How Do Two Balls Meet Mid-Air When Thrown at Different Times and Heights?

[Arshad_Physic]

Homework Statement

A ball is thrown with an upward velocity of 5 m/s from the top of a 10-m high building. One second later, another ball is thrown vertically from the ground with a velocity of 10m/s. Determine the height from the ground where the two balls bass each other.

Homework Equations

1) v=v_ot + at
2) s=s_o + v_ot + 0.5at²
3) v² = v_o² + 2a(s-s_o)

The Attempt at a Solution

I know that this is a basic physics problem. I have taken University Physics 1 before, and made an A, but I am stuck in this problem lol.

I am assuming that we do something like y₁=y₂ and then just solve the equation, get time. And then plug the time in.
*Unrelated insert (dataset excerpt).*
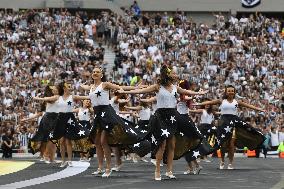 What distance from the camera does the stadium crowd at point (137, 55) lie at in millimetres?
40812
Or we can do t₁=t₂

But I am having problem making the equations.

I did this:

y₁=v_o1t₁ + 0.5at₁²

V^o1 = 5 m/s
a = 9.8 m/s²

y₂=v_o2t₂ + 0.5at₂²

t₁ = t₂ - 1

v_o2 = 10 m/s

The problem is, my t₁ is coming out to be -11/7 Lol :)

Please help!

Thanks,
Arshad

 

[jahrollins]

y1 doesn't equal y2. The ball is being thrown from the building so their displacements will be different.